# Sites for booking a hotel on line



## gail1 (Nov 6, 2010)

Anyone know of any good sites for doing this online apart from Laterooms.com. Am planning a break away for a couple of days in early December
Cheers
gail


----------



## Shevicks (Nov 6, 2010)

I have used hoteldirect( with .co.uk), and stayed at one of their hidden gem hotels, and it was a lovely hotel and the price was excellent!

If you book a hidden gem and then are not happy that they have selected you can canel your booking, although I have never tried this.
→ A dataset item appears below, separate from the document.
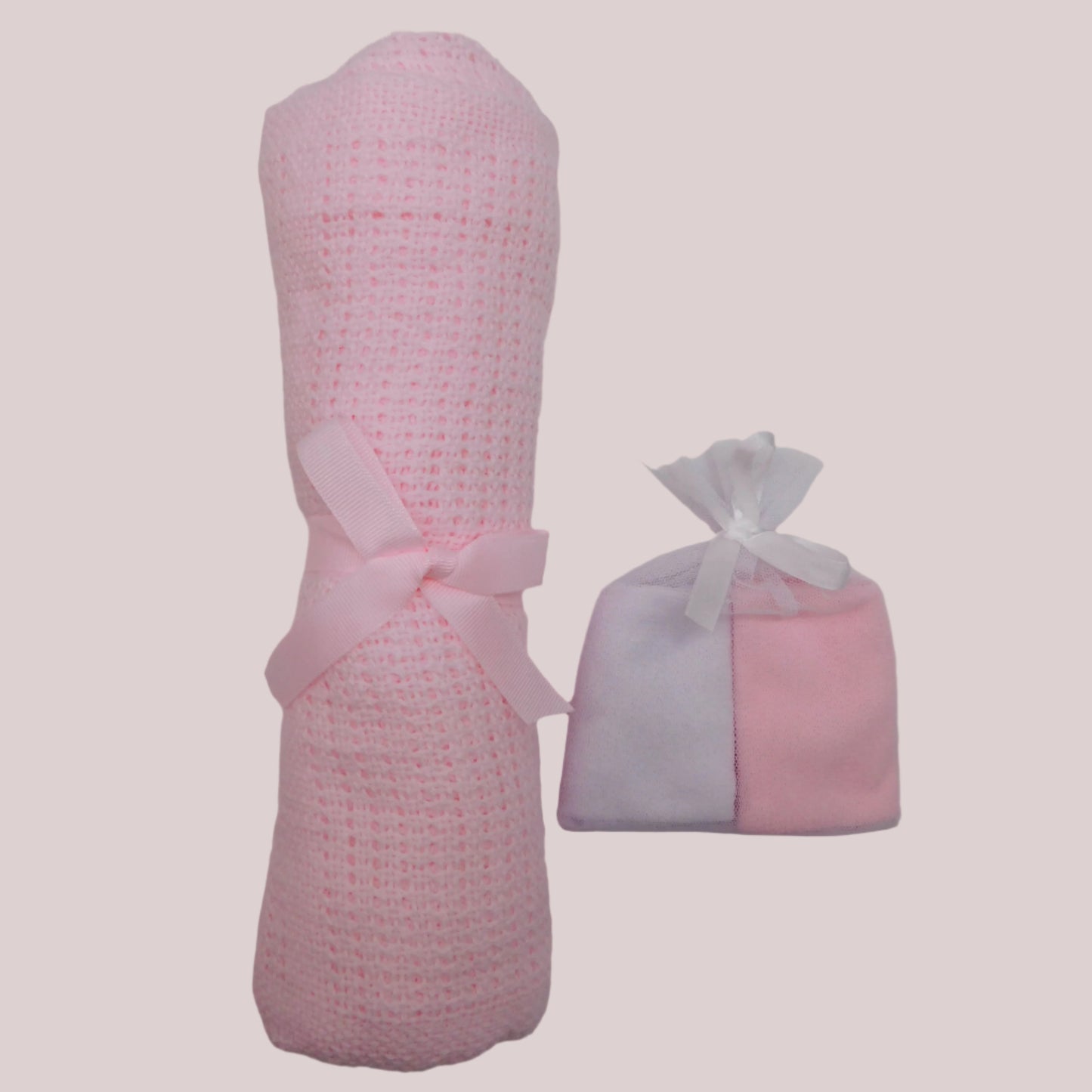 Pink knitted blanket with a bow and a pink and white washcloths on a pale pink background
Good luck finding what you want!


----------



## mimms2 (Nov 6, 2010)

Travelodge  usually do BARGAIN rates ,,,,,    ive had ?19 a room , nights if booked in advance ,,  they just basic rooms , but they do the job , try them


----------



## gail1 (Nov 6, 2010)

cheers guys am going to try them
gail


----------



## rossoneri (Nov 6, 2010)

If you go to www.tripadvisor.co.uk/ then you can search for a hotel if the required location and get rates from, I think, up to eight different hotel sites, including laterooms.com, to help you compare the rates on offer.  Trip Advisor is also worth visiting to take a look at the posted review comments although take them with a pinch of salt, especially when written by Americans and quite a few Brits - they seem to expect five star accommodation for one or two star prices!


----------



## Phil65 (Nov 6, 2010)

expedia is normally very good but check trip advisor before booking!


----------



## Carina1962 (Nov 7, 2010)

I have used www.english-inns.co.uk it's really nice if you want a quiet, relaxing weekend


----------